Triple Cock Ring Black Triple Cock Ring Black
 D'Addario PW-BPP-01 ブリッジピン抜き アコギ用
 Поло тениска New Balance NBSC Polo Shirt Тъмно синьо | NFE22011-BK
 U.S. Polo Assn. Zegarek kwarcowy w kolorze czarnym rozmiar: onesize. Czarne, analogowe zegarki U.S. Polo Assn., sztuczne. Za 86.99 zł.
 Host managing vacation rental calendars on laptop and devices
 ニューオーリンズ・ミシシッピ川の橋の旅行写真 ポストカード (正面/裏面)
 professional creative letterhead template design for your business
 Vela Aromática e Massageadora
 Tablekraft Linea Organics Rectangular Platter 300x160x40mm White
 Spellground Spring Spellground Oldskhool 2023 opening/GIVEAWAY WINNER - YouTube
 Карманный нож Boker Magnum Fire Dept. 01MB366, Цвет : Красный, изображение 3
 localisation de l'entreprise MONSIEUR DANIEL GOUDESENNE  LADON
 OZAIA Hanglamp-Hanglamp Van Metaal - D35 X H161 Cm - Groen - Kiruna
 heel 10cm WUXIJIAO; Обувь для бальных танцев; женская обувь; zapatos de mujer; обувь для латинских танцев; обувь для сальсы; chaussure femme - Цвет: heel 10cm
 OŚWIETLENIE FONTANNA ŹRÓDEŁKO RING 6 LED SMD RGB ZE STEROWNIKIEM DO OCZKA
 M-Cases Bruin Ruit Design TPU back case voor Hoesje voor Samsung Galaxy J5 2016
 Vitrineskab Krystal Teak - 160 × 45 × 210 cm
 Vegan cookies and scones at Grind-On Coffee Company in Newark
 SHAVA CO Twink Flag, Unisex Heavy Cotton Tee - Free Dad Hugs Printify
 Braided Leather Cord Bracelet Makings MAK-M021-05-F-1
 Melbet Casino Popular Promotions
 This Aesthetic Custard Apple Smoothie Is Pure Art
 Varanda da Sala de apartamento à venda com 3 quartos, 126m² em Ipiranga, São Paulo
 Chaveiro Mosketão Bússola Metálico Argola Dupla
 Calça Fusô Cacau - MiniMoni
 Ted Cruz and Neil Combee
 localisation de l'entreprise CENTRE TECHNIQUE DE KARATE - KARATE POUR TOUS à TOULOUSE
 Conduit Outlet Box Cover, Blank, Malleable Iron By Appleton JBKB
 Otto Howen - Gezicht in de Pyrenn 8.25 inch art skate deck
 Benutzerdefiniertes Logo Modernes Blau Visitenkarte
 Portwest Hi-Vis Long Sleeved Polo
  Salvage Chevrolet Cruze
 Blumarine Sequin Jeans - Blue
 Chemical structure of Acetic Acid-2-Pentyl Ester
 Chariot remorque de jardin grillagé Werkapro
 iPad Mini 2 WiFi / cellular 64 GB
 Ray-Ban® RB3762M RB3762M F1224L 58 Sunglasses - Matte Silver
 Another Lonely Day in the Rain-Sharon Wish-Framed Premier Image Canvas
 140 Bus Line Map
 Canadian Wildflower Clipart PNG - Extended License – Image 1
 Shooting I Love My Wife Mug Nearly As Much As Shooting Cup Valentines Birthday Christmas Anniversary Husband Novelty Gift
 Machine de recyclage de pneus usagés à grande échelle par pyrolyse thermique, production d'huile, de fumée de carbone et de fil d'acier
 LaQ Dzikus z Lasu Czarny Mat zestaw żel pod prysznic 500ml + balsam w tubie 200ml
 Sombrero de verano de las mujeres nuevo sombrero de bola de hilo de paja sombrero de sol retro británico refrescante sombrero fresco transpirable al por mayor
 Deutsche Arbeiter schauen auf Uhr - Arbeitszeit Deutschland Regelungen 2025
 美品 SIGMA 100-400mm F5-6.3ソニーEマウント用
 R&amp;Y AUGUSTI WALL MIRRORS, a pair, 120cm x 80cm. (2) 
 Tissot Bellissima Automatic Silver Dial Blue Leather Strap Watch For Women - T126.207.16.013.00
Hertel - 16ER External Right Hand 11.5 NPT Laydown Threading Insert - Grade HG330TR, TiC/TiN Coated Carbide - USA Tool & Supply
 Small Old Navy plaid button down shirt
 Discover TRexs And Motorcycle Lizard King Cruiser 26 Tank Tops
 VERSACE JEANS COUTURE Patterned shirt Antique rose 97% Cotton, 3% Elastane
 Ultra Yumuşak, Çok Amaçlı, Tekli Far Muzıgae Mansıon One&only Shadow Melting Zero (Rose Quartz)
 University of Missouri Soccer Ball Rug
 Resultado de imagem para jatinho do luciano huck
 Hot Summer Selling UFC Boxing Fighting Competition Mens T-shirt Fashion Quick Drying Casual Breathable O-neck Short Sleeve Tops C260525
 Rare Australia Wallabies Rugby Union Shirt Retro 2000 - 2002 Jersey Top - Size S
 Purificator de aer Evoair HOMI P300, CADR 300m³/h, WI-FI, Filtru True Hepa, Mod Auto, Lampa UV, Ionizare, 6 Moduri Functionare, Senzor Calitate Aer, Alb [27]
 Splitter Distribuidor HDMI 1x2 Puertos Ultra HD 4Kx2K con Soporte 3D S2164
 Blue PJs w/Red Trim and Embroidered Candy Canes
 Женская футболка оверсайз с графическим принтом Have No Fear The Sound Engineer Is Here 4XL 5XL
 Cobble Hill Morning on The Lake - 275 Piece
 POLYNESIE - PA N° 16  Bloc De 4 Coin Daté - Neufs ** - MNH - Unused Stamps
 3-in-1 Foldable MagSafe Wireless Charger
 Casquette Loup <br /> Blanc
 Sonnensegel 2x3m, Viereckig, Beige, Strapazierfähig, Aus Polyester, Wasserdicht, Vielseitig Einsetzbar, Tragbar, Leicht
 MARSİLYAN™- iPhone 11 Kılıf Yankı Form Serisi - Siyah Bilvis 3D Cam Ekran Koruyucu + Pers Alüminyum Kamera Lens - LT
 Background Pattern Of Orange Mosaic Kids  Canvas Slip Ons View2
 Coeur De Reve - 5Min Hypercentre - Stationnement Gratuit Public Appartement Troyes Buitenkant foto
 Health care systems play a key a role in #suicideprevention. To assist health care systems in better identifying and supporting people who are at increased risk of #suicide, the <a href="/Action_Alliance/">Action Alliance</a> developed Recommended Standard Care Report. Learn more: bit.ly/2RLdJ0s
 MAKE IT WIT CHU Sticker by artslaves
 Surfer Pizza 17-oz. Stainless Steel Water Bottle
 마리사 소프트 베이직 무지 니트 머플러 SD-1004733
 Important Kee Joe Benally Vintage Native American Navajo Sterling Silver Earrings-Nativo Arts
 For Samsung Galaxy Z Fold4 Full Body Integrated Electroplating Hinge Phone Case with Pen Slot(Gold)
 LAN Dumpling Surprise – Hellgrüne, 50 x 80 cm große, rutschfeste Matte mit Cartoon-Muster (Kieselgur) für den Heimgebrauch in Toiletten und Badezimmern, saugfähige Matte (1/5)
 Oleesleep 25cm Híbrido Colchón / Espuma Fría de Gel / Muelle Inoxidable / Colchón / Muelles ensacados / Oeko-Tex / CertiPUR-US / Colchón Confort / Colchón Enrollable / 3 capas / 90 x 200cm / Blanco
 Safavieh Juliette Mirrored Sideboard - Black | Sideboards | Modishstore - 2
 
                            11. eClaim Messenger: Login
----
» EXERCISE:
An exact copy of the lines above, from the one containing "Hot Summer Selling" down to the one containing "LAN Dumpling Surprise" and including both, is the whole answer; retype it and nothing else.

» RESULT:
 Hot Summer Selling UFC Boxing Fighting Competition Mens T-shirt Fashion Quick Drying Casual Breathable O-neck Short Sleeve Tops C260525
 Rare Australia Wallabies Rugby Union Shirt Retro 2000 - 2002 Jersey Top - Size S
 Purificator de aer Evoair HOMI P300, CADR 300m³/h, WI-FI, Filtru True Hepa, Mod Auto, Lampa UV, Ionizare, 6 Moduri Functionare, Senzor Calitate Aer, Alb [27]
 Splitter Distribuidor HDMI 1x2 Puertos Ultra HD 4Kx2K con Soporte 3D S2164
 Blue PJs w/Red Trim and Embroidered Candy Canes
 Женская футболка оверсайз с графическим принтом Have No Fear The Sound Engineer Is Here 4XL 5XL
 Cobble Hill Morning on The Lake - 275 Piece
 POLYNESIE - PA N° 16  Bloc De 4 Coin Daté - Neufs ** - MNH - Unused Stamps
 3-in-1 Foldable MagSafe Wireless Charger
 Casquette Loup <br /> Blanc
 Sonnensegel 2x3m, Viereckig, Beige, Strapazierfähig, Aus Polyester, Wasserdicht, Vielseitig Einsetzbar, Tragbar, Leicht
 MARSİLYAN™- iPhone 11 Kılıf Yankı Form Serisi - Siyah Bilvis 3D Cam Ekran Koruyucu + Pers Alüminyum Kamera Lens - LT
 Background Pattern Of Orange Mosaic Kids  Canvas Slip Ons View2
 Coeur De Reve - 5Min Hypercentre - Stationnement Gratuit Public Appartement Troyes Buitenkant foto
 Health care systems play a key a role in #suicideprevention. To assist health care systems in better identifying and supporting people who are at increased risk of #suicide, the <a href="/Action_Alliance/">Action Alliance</a> developed Recommended Standard Care Report. Learn more: bit.ly/2RLdJ0s
 MAKE IT WIT CHU Sticker by artslaves
 Surfer Pizza 17-oz. Stainless Steel Water Bottle
 마리사 소프트 베이직 무지 니트 머플러 SD-1004733
 Important Kee Joe Benally Vintage Native American Navajo Sterling Silver Earrings-Nativo Arts
 For Samsung Galaxy Z Fold4 Full Body Integrated Electroplating Hinge Phone Case with Pen Slot(Gold)
 LAN Dumpling Surprise – Hellgrüne, 50 x 80 cm große, rutschfeste Matte mit Cartoon-Muster (Kieselgur) für den Heimgebrauch in Toiletten und Badezimmern, saugfähige Matte (1/5)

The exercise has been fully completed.